Rapid innovations in commercial trucking are generating headlines, with industry advances creating new methods for commercial operators to enhance their shipping and carrier services.
For example, Tesla’s fully electric semi-autonomous Class 8 truck, equipped with advanced safety features, boasts the ability to haul up to 80,000 pounds for up to 500 miles, and Nikola Motor Co.’s hydrogen-electric semi can travel 500 to 1,200 miles before needing to be refueled. Waymo and Starsky Robotics have similar products in development. The question remains: when these innovations hit the market, how will they impact industrial real estate?
With national absorption records reaching an all-time high, innovations in freight delivery are not lost on industrial investors and developers. Early proponents of self-driving trucks are touting how these innovations will move the industry forward, resulting in optimized operational efficiencies, increased revenue, reduced emissions and lower overhead costs. While safety will be paramount, industrial developers and owners who stand to be affected by new these technologies remain optimistic about the positive impact they will make on the logistics market.
Transportation trade technology is evolving quickly. Urban and suburban lifestyles have shifted. The rise of retail technology and e-commerce has intensified consumer appetite for on-demand goods and services. Markets are becoming denser, cities more walkable and, as a result, delivery methods have adapted to get boxes into a buyer’s hands within one to two hours.
To fulfill new customer expectations, manufacturing, storage and delivery logistics have transformed their processes to do more with less. Consider the relationship dynamics between new commercial trucking and the industrial buildings where regional shipments originate. Automation is certainly not new to industrial tenants. For years they have used robot technology to enhance supply-chain productivity. In the last few years, building designs and tenant floor plans have embraced drive-through configurations to load and send off trucks faster.
That said, with the latest trend in on-demand self-driving and electric trucks, there are specific ways that new truck capacity will impact the way buildings are being designed, redeveloped and valued. Additionally, the manufacturing features of advanced truck models will positively impact environmental considerations.
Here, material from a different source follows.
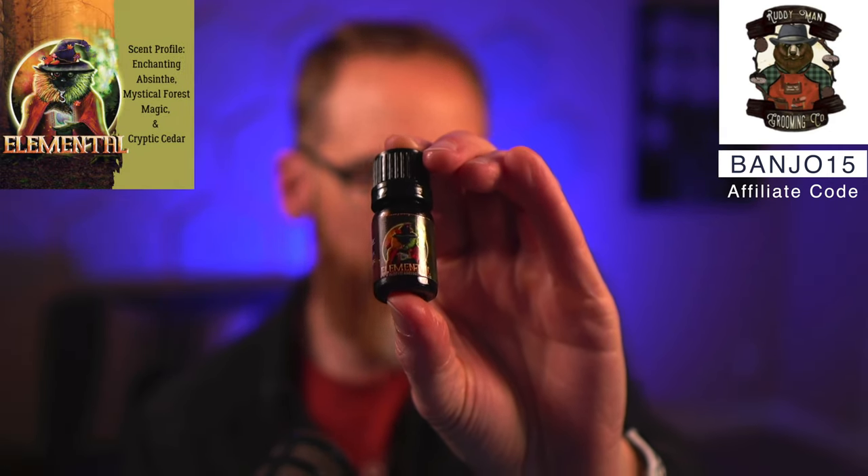Another new scent is called Elemental: absinthe, forest magic, and cedar. I like absinthe scents and this one is good because it's not too strong. A really strong absinthe can go too far toward black licorice territory, which I don't usually enjoy, but this one works very well. I mostly get an absinthe smell — a little sweet, a little spicy, but balanced. Jimmy keeps these safe so it's not too much one way or the other.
And with that come policy improvements on how industrial buildings and truckers operate.
A technological transformation in transportation and manufacturing is taking shape to disrupt industrial real estate in advantageous ways. One notable trend is a potential cab size reduction in self-driving trucks that might no longer need the space for a manual driver. This simple change not only decreases the amount of building entrance and loading space needed in industrial park driving areas, but also impacts the turning radii necessary for commercial trucks on streets. The development could free up square footage, translating into more rent.
Electric trucks potentially could transform the way in which commercial vehicles interact on the road. Vehicles that can increase and decrease speeds effectively could bring faster delivery times and added safety, as a result of a truck’s ability to react and quickly avoid major accidents and highway pile-ups. Whereas rail companies have historically been the best option for heavier loads, enhanced hauling maximums of up to 80,000 pounds could put road freight head-to-head with rail transport, reducing the cost of transportation by 30 to 40 percent. And the lower the freight cost, the better it is for consumers and the economy.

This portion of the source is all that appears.